F. NO. CD-021199490/902/UC-1/UD/2014/600-602

Dated 08/5/2014

ORDER

'Whereas, President, Resident Welfare Association Block A A-1 A-2 Utsav Vihar had filed representation on 22.09.2012 aggrieved the Govt. of NCT of Delhi not to exclude 95 bighas of Govt, land comprising Khasra Nos. 73/12, 13, 14, 17, 18, 19, 22, 23, 24, 83/1, 2/1, 2/2, 3, 4, 7/2, 8/2, 9, 10/1, 10/2, 23/2, 84/14, 15, 17, 23, 24, 96/3, 4, 5, 97/1 and 10 forming part of the colony from the process of regularisation.

And whereas, the President of above said RWA filed a petition before the Hon'ble High Court vide No. WP(c) 6356/2013 and CM Appl. 13881/2013 titled as Major Narayan Singh Vs. DDA and Ors. While disposing of the petition Hon'ble High Court of Delhi vide order dated 16.01.2014, directed Respondent No. 2 i.e.

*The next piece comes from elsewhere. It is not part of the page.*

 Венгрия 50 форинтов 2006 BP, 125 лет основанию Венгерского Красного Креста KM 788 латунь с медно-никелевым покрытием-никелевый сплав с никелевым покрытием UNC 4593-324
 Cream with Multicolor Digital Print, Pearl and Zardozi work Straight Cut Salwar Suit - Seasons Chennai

Govt., of NCT of Delhi through Secretary, Urban Development Department to dispose of petitioner's representation dated 22nd September 2012 as expeditiously as possible, preferably within sixteen weeks.

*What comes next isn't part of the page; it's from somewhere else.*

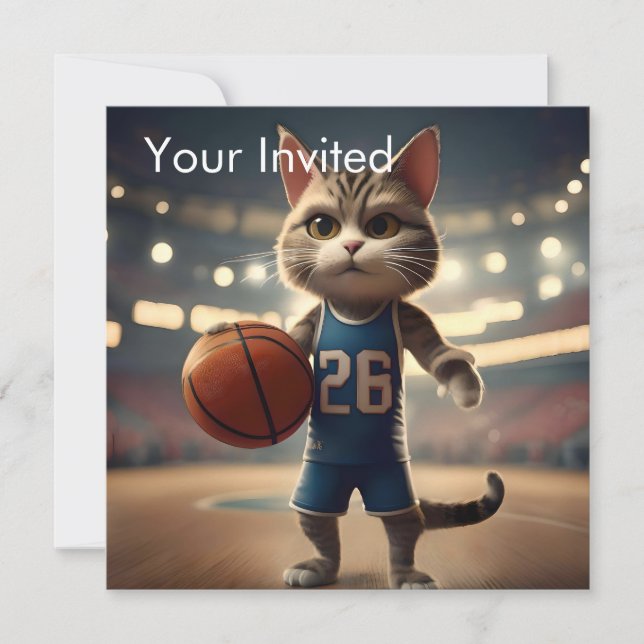 Basketball Cat, Invitation (Front)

And whereas, the Urban Development Department has received copy of report sent to Divisional Commissioner GNCTD vide letter No. F.12(343)7/HC/Legal/207 Dated 20.05.2013 from DDA wherein, it has been requested to delete the above said khasras falling within the alignment of 100 mtrs. wide road (UER-II) from the list of Utsav Vihar unauthorised colony which causing hindrance and inordinate delay in constructing the 100 mtr. wide road (UER-II).

And whereas, Clause 3.3(b) of the regulation dated 24.03.2008 states that the Unauthorised Colonies/part of UC which pose hindrance in the provision of infrastructure facilities or fall in the area of right of way (ROW) of existing/proposed railway lines, master plan roads and major/trunk under water supply and sewerage link would not be considered for regularization.

And therefore, area/part of unauthorised colony namely Utsav Vihar fall within alignment road proposed by DDA and shall not be considered for regularisation. Hence representation dated 22.9.2012 is rejected.

This issue with approval of Secy. (UD)

(R.K. Bilyan)
Deputy Secretary (UC)"

(emphasis supplied)

26. With the rejection of the representation dated 22nd September, 2012 and the same having not been impugned by petitioner or any or its members for more than two years, this Court is of the view that it is not open for the petitioner to seek any relief in relation thereto.

27. Consequently, the prayers in the present writ petition cannot be granted in relation to the 2013 Act for the reasons stated above.

28. Also, petitioner's reference and reliance on any policy amendment in 2015 is baseless and misconceived as the petition filed in February, 2014 is prior thereto and the petition has not been amended to incorporate the said ground.

29. This Court would like to emphasise the distinction between an unauthorized colony and jhuggi jhopri cluster. While jhuggi jhopri clusters are normally born out of need and necessity for housing of the poor and under privileged, unauthorized colonies are normally born out of greed with intent to secure unmerited benefits. Legalising of unauthorized colonies in the past has not only emboldened the purchasers of acquired land and rank encroachers but has created manifold problems of environmental degradation, traffic bottlenecks etc. It is pertinent to mention that people who have cut these unauthorized colonies have neither paid full development charges to the civic authorities nor provided proper civic facilities like roads, sewerage, drainage, water and electricity facilities and as a consequence, diseases like malaria, diarrhea and tuberculosis are common in Delhi. It goes without saying that is extremely difficult if not impossible to provide adequate and proper sewage, drainage and roads after an unplanned colony has been constructed and occupied. After all, if construction has been carried out in a haphazard manner without adhering to any scientific norms like grid pattern and/or there is not enough vacant land available, how can a road with adequate width be subsequently provided.

30. Consequently, present writ petition and pending applications being bereft of merits are dismissed but with no order as to costs.